How do you do what you do?

    January 25, 2013
    Filed under: Uncategorized — Tags: , , , , , , , , , , , , , — webmaster@hagyard.com @ 5:36 pm

     

    The joy of a new foal
    The joy of a new foal

    Dr. Ashley Craig

    The other day a young horsewoman was asking about the cases I had seen in my time at Hagyard. I discussed the medical problems I had dealt with in my short time as a Field intern at Hagyard. At the end of the discussion, she looked at me with heavy eyes and asked- “Have you had to euthanize any patients?” Inside, I cringed. Euthanasia is not an outcome that veterinarians like to talk about. No one goes into veterinary medicine because they like to see patients have a negative outcome, but I couldn’t lie to this young lady so I answered honestly- “Yes”. She immediately followed up with, “I don’t know how you can do it.”

    While her statement is one I have heard before, for some reason this time, it made me think a little harder. Thank goodness driving around farm to farm gives me a lot of time to think and reflect. As I reflected on the euthanasia cases I have witnessed in my time working at farms, as a vet tech, at veterinary school, and now at Hagyard, I formed my answer to the young woman’s statement. I can emotionally handle the death of an animal because I see it as the final gift we can give to our sick and dying animals. I don’t know of anyone that enters into the discussion of euthanasia lightly. As a veterinarian, we took an oath to help with the “protection of animal health and welfare, the prevention and relief of animal suffering…” After we do all that can be done for the animal and the animal is still suffering and will eventually die, we can give them a final gift- the relief from suffering.

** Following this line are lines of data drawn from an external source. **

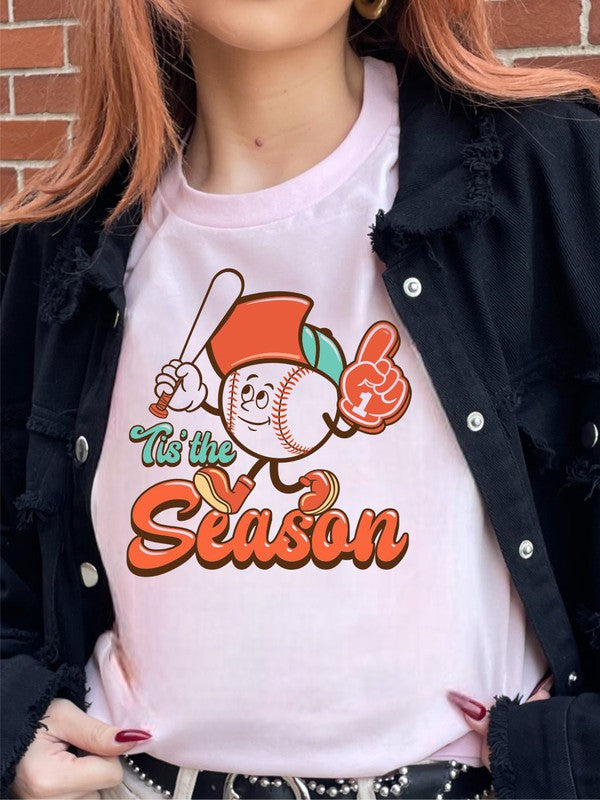 Retro Baseball Guy Tis The Season Baseball Tee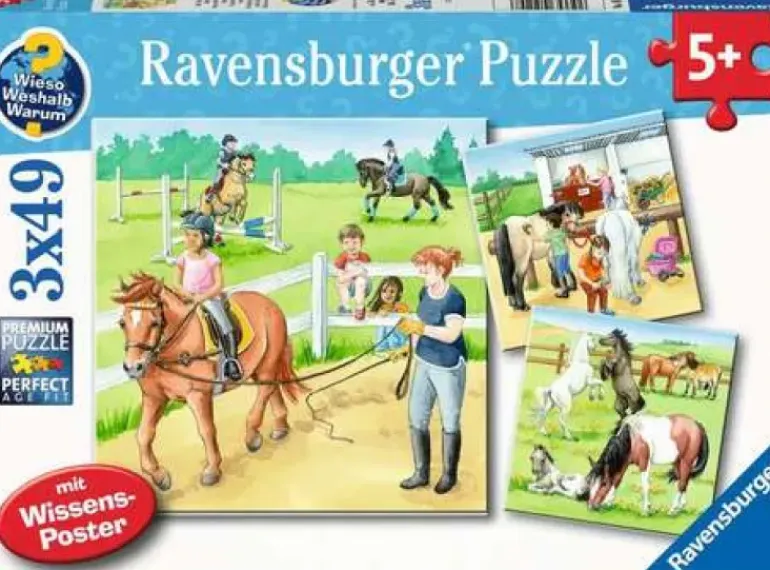 Ravensburger - 3 x 49Pc A Day At The Stables Puzzle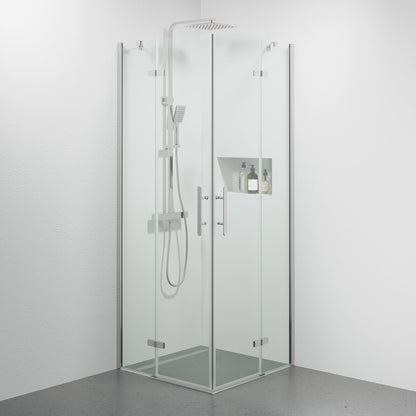 Duschhörna fyrkantig 90x90x200 cm - 5 mm klart nanoglas - kromprofil - Rämen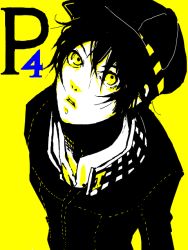 Rule 34 | 1girl, androgynous, atlus, black hair, cabbie hat, copyright name, crossdressing, female focus, haruaki and ogawa, hat, jacket, looking at viewer, monochrome, open mouth, persona, persona 4, reverse trap, school uniform, shirogane naoto, short hair, solo, yellow eyes, yellow theme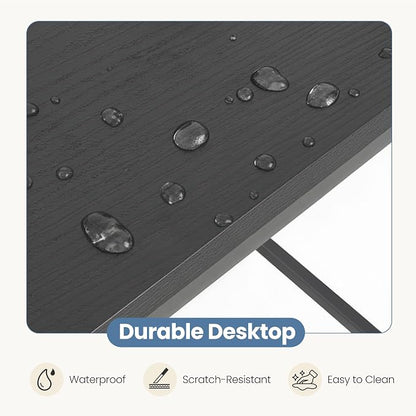 DUMOS 47 Inch L Shaped Computer Desk Gaming Furniture Corner Desks Home Office PC Table with Reversible Storage Shelves for Writing Working Study Bedroom Dorm, Black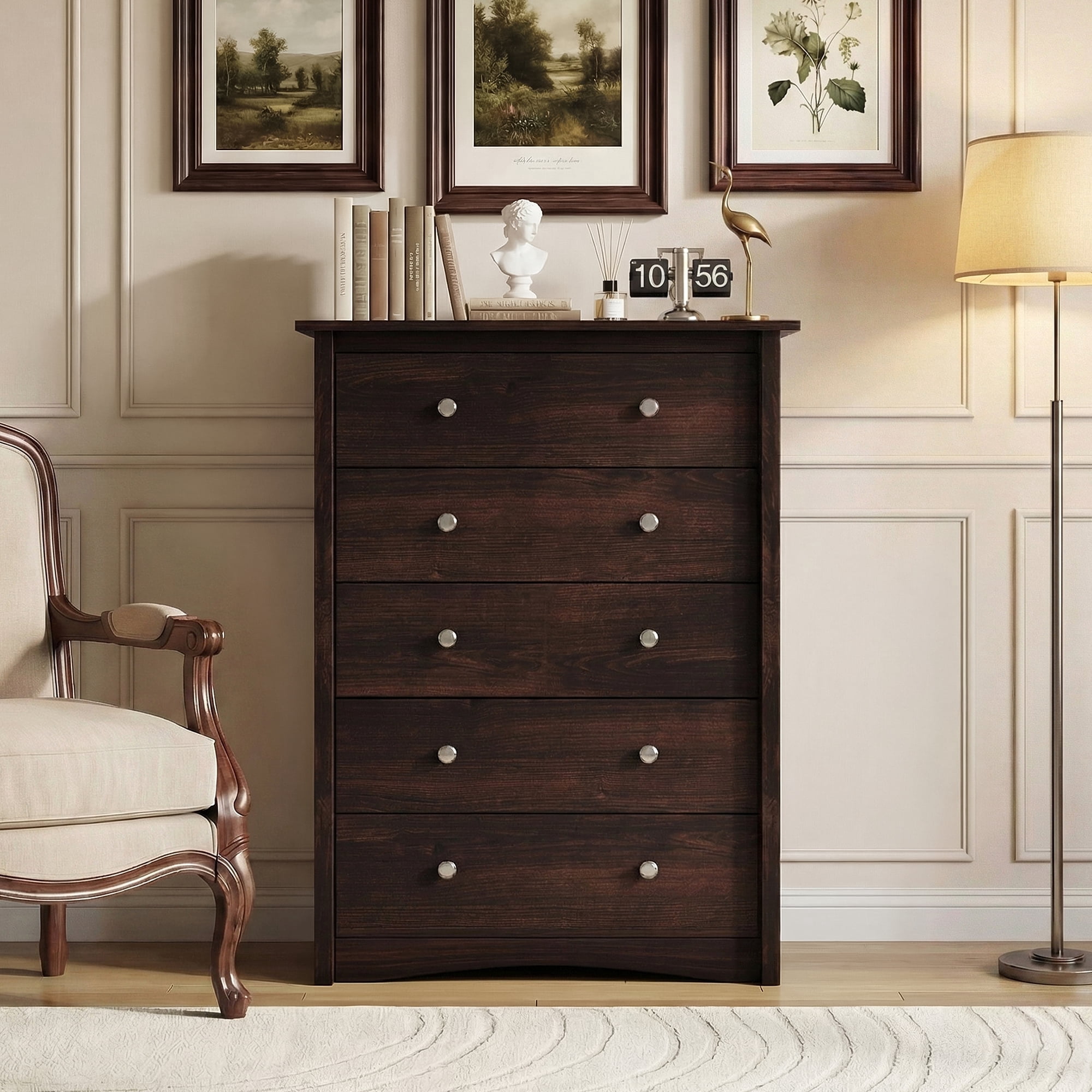 Lacoo 47'' Tall 5 Drawers Wooden Dresser for Bedroom, Modern Storage Chest of Drawers, Brown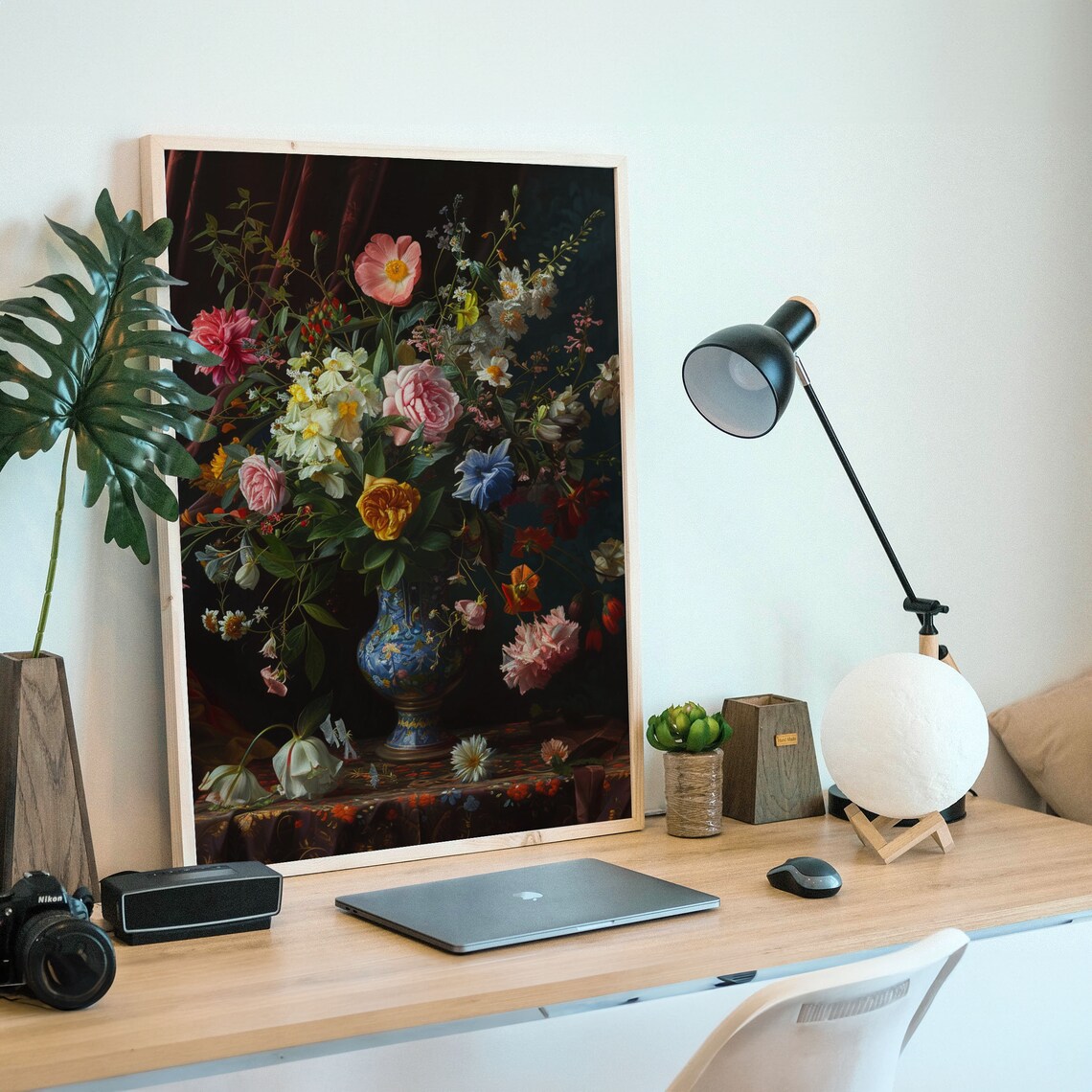 Dutch Old Master Flower Bouquet in Blue Vase Still Life Poster - Image 3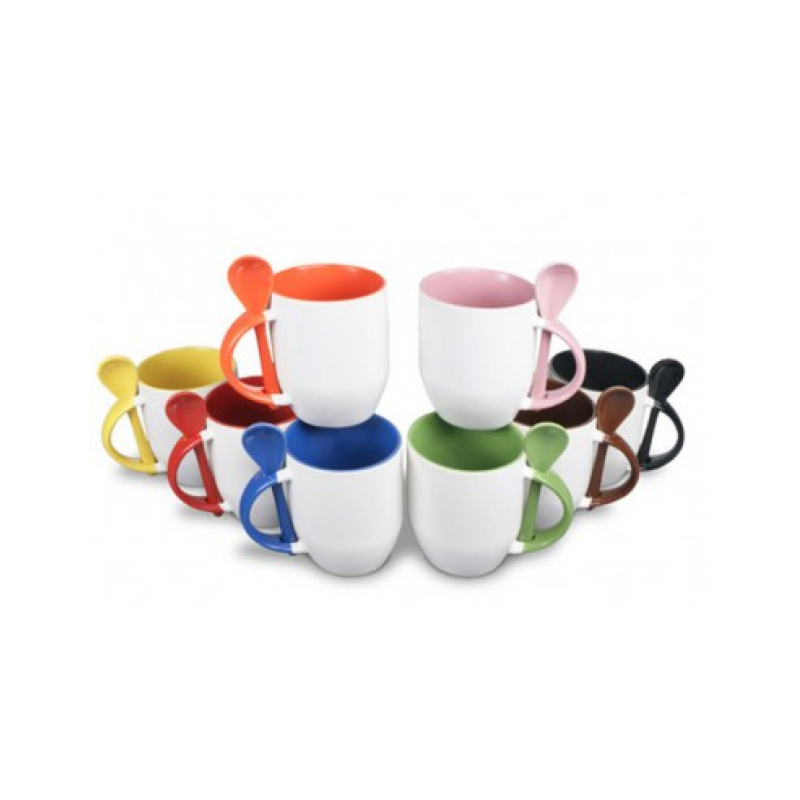 Sublimatie Mok - Mok 11oz - kleur binnenzijde & oor - met lepel (Donker groen) (1903)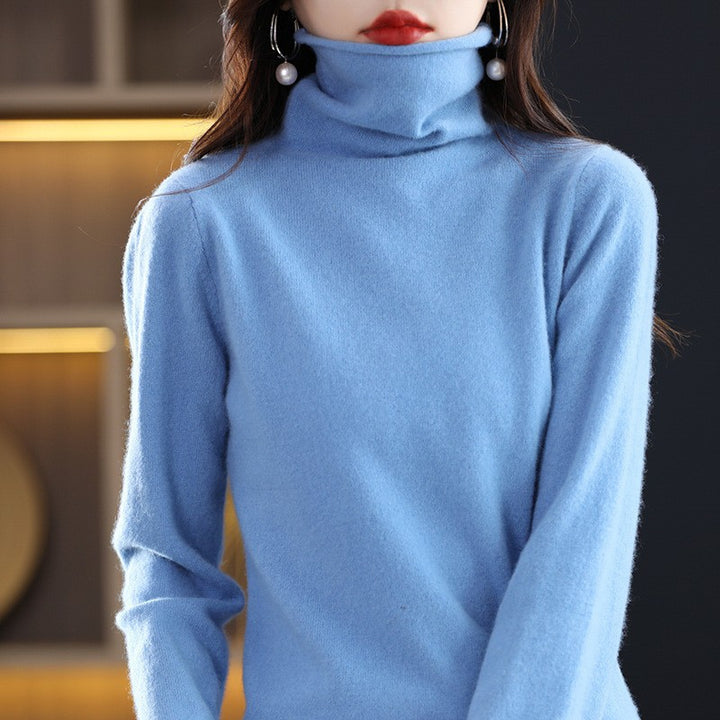 Women's wool sweater with stand-up collar made of 100% wool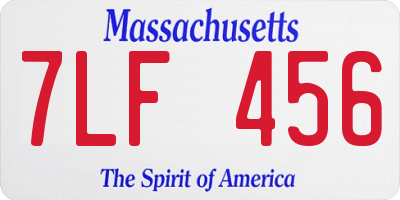 MA license plate 7LF456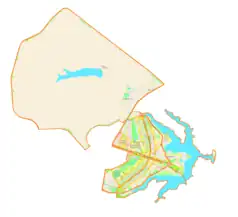 Mapa konturowa Brasíli, na dole nieco na prawo znajduje się punkt z opisem „Brasília”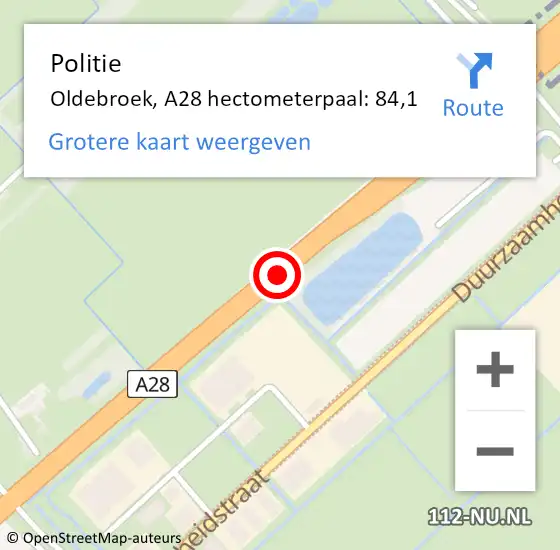 Locatie op kaart van de 112 melding: Politie Oldebroek, A28 hectometerpaal: 84,1 op 9 januari 2024 08:34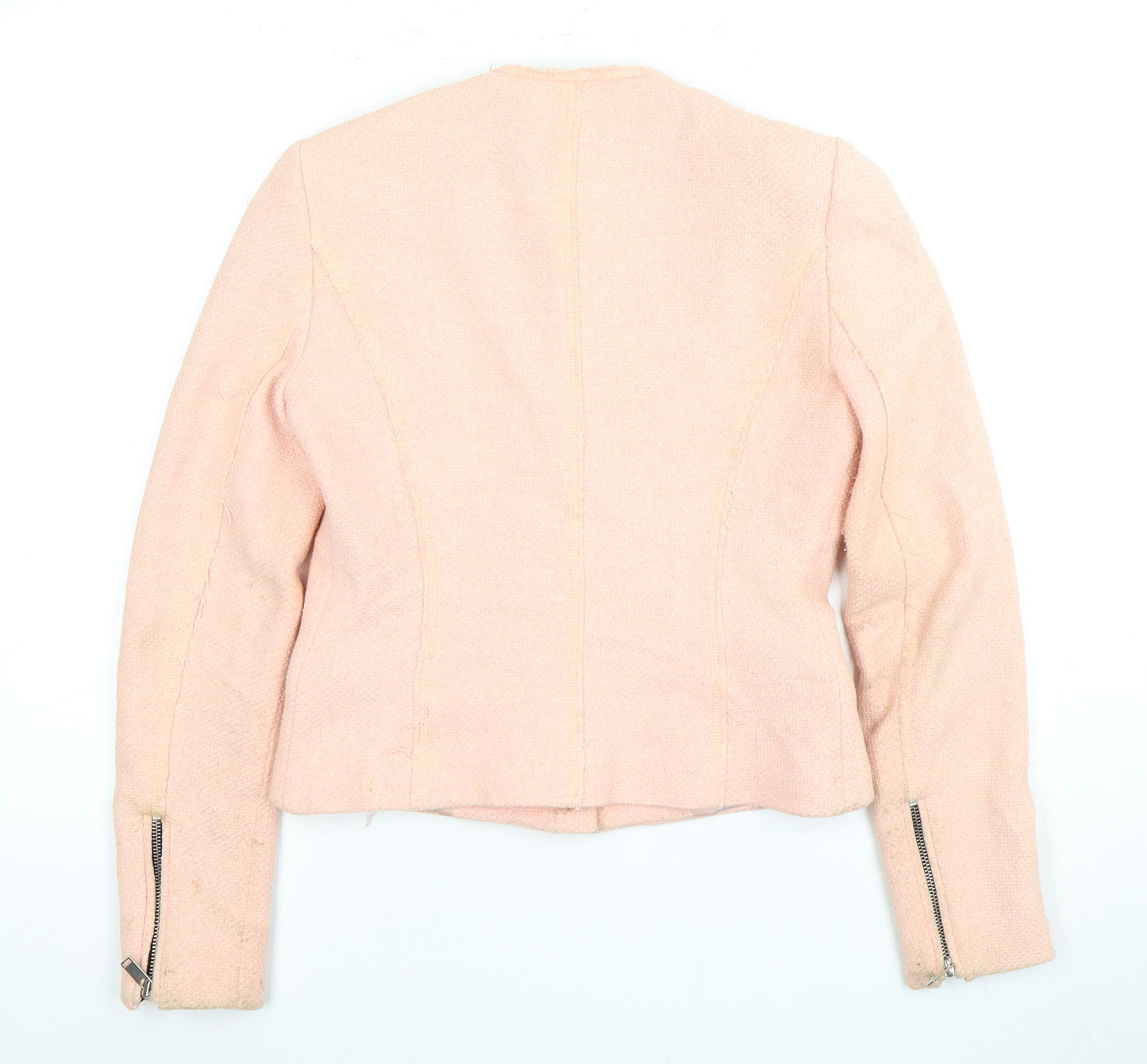Zara Women's Pink Tweed Slim Jacket, Size S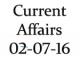 Current Affairs 2nd July 2016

    Another reason why I can handle the death of a patient is because I am surrounded by so much life. Being in the field, I am often called out to handle preventative medicine such as vaccinations or teeth floating (dental care for horses). Not every horse I see is sick; at times it is the exact opposite! The joy of watching a new foal bounce around their mother, the anticipation of a yearling walking in the sales ring, the excitement of a racehorse or a show horse performing, or even the contentment of a pasture horse grazing in a lush field of bluegrass is what drives me. These magnificent creatures need veterinarians to help prevent and treat medical problems.

    So how do I handle the lows of death? Because I get to see the highs of life and I know that in everything I do, I am doing it for the benefit of the animal.

    1 Comment »

    1. Thanks for the transparent post, Dr. Craig! Every veterinarian I have asked about this has a unique and generally very well-thought-out answer. I guess there is something about that time in the truck between visits!